* _Brief_: For the entries below, the result should be an exact transcription of the lines from the one with "TimeTEX Mini-Tiere-Set Europa" up to and including the one with "A residential area", and only those.

+++

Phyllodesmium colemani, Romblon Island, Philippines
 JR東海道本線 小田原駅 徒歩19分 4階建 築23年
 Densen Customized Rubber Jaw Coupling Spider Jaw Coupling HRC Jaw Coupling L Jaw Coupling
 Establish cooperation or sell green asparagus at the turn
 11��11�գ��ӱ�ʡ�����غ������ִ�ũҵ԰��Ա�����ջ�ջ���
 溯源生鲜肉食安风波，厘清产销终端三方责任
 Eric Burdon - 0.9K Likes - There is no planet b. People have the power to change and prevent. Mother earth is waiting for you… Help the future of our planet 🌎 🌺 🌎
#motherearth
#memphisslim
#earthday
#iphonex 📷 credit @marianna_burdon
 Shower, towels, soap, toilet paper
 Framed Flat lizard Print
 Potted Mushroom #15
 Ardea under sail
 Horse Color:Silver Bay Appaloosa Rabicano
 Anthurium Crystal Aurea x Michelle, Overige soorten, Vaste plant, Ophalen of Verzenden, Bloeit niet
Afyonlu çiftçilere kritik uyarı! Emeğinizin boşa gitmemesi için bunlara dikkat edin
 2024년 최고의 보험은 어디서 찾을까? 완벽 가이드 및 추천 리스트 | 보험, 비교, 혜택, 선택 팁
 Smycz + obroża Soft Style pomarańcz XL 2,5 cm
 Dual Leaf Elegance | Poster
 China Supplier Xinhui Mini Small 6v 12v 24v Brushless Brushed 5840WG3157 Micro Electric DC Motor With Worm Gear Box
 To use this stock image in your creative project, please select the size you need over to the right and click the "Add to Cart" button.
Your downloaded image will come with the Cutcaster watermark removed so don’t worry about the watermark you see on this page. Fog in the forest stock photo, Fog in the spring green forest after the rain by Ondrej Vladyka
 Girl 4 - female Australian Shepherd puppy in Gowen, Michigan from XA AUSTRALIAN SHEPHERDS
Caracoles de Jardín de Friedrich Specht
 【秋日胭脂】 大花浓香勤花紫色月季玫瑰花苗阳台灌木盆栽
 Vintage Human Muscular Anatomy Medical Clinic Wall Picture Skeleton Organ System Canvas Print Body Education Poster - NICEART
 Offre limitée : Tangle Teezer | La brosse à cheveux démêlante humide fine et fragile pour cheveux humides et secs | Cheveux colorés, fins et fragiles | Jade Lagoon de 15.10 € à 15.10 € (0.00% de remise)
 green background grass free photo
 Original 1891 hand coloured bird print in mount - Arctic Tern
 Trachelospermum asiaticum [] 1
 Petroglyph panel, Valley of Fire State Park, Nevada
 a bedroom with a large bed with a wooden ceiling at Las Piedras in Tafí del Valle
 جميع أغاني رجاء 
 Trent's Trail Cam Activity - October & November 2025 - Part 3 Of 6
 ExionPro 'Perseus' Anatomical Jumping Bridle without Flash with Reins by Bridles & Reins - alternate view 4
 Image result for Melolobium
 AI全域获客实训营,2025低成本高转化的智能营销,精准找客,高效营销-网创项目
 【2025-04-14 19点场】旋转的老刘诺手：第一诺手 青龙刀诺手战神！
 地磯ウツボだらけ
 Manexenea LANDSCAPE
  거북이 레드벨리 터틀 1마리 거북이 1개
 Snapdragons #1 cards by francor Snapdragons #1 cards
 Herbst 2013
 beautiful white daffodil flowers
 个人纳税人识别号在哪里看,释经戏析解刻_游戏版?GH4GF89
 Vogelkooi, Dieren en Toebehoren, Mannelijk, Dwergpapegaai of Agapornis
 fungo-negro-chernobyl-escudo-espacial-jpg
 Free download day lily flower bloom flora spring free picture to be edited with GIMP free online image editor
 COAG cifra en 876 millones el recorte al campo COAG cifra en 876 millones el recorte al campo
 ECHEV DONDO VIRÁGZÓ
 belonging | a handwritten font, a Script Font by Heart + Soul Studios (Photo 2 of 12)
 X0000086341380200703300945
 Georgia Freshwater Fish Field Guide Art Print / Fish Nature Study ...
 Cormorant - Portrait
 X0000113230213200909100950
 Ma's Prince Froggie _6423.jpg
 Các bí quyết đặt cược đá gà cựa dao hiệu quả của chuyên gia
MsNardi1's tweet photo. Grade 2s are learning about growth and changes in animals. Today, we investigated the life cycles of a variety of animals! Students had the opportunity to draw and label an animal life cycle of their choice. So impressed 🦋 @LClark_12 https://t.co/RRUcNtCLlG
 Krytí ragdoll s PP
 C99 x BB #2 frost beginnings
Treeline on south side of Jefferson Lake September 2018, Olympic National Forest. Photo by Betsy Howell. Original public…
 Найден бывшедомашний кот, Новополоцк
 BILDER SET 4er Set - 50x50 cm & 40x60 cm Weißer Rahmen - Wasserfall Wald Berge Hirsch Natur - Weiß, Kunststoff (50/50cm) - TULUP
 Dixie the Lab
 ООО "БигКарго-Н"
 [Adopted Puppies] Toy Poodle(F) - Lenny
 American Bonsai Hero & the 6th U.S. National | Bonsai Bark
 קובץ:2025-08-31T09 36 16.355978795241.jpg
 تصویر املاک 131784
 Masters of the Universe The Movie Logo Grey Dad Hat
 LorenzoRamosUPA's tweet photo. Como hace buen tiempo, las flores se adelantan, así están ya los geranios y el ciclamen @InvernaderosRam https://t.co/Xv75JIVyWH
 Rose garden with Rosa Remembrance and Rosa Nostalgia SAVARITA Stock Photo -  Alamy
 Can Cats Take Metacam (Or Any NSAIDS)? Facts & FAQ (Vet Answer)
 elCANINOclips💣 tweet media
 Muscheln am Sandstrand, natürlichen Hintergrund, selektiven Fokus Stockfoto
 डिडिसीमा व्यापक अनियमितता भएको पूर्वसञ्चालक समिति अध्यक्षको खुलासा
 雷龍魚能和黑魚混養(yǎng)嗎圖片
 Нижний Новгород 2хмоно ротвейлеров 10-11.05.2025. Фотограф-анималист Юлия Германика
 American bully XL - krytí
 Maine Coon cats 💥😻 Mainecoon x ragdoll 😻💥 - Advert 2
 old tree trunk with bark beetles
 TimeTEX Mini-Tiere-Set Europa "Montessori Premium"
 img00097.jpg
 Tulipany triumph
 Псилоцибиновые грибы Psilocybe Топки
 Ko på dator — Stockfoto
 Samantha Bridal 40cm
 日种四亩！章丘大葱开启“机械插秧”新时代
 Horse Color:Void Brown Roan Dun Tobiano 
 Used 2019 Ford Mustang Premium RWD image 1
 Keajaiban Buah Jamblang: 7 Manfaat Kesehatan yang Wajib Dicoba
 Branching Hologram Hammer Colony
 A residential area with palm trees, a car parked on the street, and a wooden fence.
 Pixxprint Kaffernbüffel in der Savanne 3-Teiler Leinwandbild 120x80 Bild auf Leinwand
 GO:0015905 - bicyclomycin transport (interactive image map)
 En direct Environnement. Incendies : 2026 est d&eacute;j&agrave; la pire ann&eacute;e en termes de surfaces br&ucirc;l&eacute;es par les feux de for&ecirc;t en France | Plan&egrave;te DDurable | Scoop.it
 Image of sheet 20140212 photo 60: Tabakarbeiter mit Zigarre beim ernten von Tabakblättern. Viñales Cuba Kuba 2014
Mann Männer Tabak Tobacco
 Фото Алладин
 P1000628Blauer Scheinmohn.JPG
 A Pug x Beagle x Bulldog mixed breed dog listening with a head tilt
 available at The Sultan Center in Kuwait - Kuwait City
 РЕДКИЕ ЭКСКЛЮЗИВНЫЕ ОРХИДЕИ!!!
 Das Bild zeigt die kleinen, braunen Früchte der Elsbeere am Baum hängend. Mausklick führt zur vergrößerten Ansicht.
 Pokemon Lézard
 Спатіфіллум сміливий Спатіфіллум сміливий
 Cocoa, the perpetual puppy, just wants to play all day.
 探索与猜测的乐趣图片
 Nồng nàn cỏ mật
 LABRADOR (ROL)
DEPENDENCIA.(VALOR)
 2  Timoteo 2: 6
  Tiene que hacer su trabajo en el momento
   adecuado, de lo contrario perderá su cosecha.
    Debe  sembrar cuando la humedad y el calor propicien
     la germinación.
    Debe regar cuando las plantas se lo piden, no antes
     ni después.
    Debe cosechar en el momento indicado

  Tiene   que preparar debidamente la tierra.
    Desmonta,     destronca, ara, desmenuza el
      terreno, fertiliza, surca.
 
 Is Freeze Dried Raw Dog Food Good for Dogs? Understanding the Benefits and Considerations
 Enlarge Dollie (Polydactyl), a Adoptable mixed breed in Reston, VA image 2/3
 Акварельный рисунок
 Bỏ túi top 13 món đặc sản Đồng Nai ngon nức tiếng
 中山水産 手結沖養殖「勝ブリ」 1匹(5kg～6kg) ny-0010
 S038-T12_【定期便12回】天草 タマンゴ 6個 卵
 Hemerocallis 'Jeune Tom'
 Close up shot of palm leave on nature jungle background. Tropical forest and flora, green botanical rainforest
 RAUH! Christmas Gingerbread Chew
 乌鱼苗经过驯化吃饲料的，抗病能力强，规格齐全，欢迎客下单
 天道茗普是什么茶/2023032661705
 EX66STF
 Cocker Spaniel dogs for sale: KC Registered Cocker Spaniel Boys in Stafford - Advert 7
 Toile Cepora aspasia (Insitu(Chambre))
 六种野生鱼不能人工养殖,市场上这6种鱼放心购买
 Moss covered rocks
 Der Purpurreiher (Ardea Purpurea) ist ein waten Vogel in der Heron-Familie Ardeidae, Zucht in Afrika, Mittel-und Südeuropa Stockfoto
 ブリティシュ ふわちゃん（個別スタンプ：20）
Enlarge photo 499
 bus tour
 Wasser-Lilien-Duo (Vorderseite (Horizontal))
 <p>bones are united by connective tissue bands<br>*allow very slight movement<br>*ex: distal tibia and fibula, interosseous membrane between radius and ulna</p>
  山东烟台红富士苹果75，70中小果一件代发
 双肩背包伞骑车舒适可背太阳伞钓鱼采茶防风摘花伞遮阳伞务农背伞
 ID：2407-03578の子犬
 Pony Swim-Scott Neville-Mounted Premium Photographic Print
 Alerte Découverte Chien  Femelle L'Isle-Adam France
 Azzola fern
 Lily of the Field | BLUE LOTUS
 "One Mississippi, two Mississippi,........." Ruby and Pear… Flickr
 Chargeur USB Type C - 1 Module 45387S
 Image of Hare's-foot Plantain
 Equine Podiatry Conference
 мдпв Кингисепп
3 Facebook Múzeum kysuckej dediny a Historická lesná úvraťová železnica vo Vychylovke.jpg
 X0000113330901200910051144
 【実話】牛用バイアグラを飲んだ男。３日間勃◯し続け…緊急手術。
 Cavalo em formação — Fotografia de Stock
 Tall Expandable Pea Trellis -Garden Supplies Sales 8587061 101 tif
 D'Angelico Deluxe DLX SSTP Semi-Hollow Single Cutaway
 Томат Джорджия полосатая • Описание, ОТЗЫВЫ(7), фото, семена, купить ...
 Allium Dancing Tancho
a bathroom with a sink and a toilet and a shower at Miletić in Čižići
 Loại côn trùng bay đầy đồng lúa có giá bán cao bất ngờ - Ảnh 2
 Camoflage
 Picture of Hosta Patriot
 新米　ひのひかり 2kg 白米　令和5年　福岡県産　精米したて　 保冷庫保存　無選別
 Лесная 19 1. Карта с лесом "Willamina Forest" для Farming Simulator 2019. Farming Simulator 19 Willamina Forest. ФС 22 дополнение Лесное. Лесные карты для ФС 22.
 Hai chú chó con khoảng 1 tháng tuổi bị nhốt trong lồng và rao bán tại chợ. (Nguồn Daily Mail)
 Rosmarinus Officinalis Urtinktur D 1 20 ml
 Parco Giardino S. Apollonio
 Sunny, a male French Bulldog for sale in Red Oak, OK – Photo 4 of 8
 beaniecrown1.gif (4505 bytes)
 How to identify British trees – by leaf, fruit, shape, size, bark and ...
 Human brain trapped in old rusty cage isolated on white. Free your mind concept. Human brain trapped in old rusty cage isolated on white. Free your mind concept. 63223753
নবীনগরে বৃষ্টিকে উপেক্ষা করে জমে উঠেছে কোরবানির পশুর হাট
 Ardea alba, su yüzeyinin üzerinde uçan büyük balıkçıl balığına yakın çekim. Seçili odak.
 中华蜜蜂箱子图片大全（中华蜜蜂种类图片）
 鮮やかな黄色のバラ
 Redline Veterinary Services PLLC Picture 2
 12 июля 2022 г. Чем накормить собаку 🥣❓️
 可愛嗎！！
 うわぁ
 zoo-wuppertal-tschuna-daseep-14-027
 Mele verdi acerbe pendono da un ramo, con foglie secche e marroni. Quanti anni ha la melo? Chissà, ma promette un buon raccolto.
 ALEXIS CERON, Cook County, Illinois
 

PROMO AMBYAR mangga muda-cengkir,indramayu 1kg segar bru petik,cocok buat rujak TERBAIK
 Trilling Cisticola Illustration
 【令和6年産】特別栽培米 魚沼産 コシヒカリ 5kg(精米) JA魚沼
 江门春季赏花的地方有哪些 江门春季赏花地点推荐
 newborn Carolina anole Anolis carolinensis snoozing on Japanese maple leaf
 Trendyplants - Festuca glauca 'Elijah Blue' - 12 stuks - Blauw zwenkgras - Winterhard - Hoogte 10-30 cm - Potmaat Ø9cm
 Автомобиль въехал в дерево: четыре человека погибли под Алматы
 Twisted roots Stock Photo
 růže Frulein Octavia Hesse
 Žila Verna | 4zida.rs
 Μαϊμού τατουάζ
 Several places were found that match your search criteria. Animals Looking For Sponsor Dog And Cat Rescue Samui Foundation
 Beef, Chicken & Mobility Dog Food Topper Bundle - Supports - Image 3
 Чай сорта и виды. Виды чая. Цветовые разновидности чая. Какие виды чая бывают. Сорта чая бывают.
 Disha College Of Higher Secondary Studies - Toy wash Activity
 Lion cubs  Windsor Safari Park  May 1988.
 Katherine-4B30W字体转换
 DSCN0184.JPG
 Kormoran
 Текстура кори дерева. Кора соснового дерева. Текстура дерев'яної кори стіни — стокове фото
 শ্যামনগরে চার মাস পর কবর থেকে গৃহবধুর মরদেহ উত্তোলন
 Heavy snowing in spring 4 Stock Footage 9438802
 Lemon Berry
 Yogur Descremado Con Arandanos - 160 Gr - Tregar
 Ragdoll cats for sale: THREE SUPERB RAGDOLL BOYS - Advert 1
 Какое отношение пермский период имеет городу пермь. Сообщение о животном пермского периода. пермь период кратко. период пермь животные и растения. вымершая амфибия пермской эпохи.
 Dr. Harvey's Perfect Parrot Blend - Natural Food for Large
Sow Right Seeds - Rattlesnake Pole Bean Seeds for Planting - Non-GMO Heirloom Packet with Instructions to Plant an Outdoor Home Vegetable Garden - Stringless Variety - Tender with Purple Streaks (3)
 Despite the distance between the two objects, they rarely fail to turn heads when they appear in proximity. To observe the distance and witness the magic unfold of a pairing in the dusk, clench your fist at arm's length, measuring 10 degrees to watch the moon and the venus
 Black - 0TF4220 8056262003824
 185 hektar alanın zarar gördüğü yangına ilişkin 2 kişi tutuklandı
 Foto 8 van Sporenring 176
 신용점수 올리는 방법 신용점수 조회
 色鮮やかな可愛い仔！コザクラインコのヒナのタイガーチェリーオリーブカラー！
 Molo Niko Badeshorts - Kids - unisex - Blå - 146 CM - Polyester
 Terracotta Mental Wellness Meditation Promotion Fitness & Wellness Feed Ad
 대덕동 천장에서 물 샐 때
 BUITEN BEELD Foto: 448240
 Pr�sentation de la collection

+++

* _Output of the task_:
 TimeTEX Mini-Tiere-Set Europa "Montessori Premium"
 img00097.jpg
 Tulipany triumph
 Псилоцибиновые грибы Psilocybe Топки
 Ko på dator — Stockfoto
 Samantha Bridal 40cm
 日种四亩！章丘大葱开启“机械插秧”新时代
 Horse Color:Void Brown Roan Dun Tobiano 
 Used 2019 Ford Mustang Premium RWD image 1
 Keajaiban Buah Jamblang: 7 Manfaat Kesehatan yang Wajib Dicoba
 Branching Hologram Hammer Colony
 A residential area with palm trees, a car parked on the street, and a wooden fence.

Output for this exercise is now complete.